Robert Guédiguian, comme à son habitude, montre le quotidien de ces gens de condition fragile qui se battent pour vivre une vie décente avec des moyens très réduits. Peu à peu, en s’immisçant dans leur intimité, les masques tombent et l’on ne rit plus du tout. Deux générations se font face. Les « anciens », qui font le dos rond, tentent d’être diplomates et essaient de pallier à tous les manques et manquements des plus jeunes. Les « jeunes », d’un égoïsme effarant ou d’une impuissance d’une immaturité déroutante. Ce long-métrage met l’accent aussi sur des rivalités sororales entre Mathilda et Aurore terribles. La question du paraître et de la réussite constituant une obsession permanente font naître, de surcroît, des personnalités détestables( le couple Aurore/ Bruno déclenche viscéralement la nausée…).

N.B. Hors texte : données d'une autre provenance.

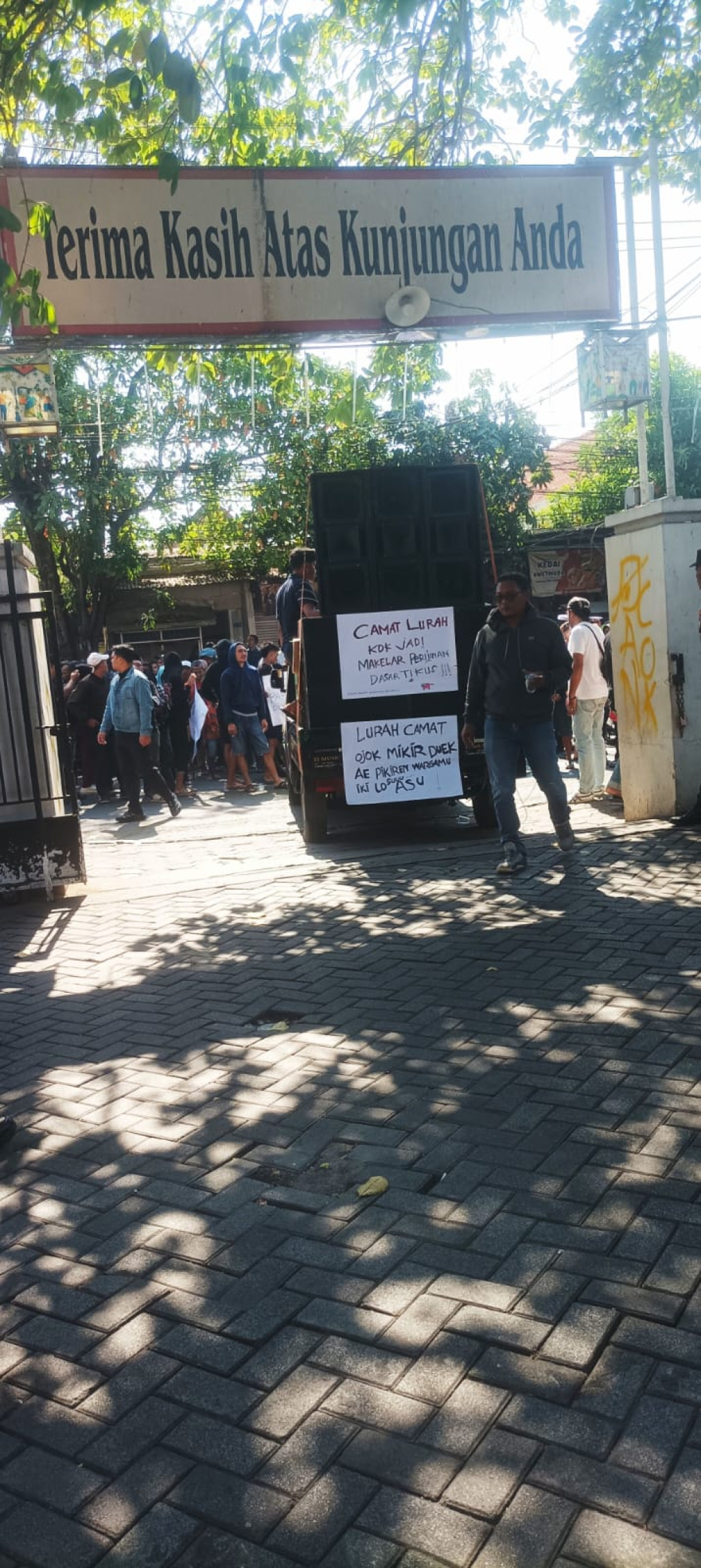 Aksi unjukrasa warga Gulomantung di Kecamatan Kebomas Gresik Senin (13/07/2026).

gloria mundiLe monde de Gloria ne tourne malheureusement pas autour d’elle; sa présence pèse plus qu’elle ne ravit. Les parents regrettent sa naissance parce qu’ils sont démunis, Aurore clame haut et fort qu’elle ne veut pas d'enfant d’ailleurs (même si c’est une posture d’amoureuse dépitée) et seule la génération des grands-parents apporte à Gloria l’attention qu’elle mérite…avec un esprit de sacrifice méritoire.
Alors on peut penser que c’est une vision qui se complait dans une description négative de la nouvelle génération…Pourtant l’on comprend que la génération précédente elle aussi a fait ses erreurs de jeunesse…mais rien n’était pareil. Qu’est-ce qui a changé? La société qui broie les individus en les épuisant au travail? l’esprit de solidarité qui a disparu? le libéralisme sauvage qui crée des individus qui ne se réjouissent que de l’accumulation de biens matériels? Robert Ghédiguian soulève avec pertinence de nombreuses problématiques inquiétantes propres à cette décennie : l’omniprésence grandissante de la pornographie, la banalisation de la consommation de drogues dures, la question du paraître, la perte des valeurs, l’égoïsme grandissant…On peut toujours trouver que c’est trop caricatural,certes, on sort de là tout de même avec un haut-le-coeur pour Gloria dont le monde ne nous enchante pas du tout…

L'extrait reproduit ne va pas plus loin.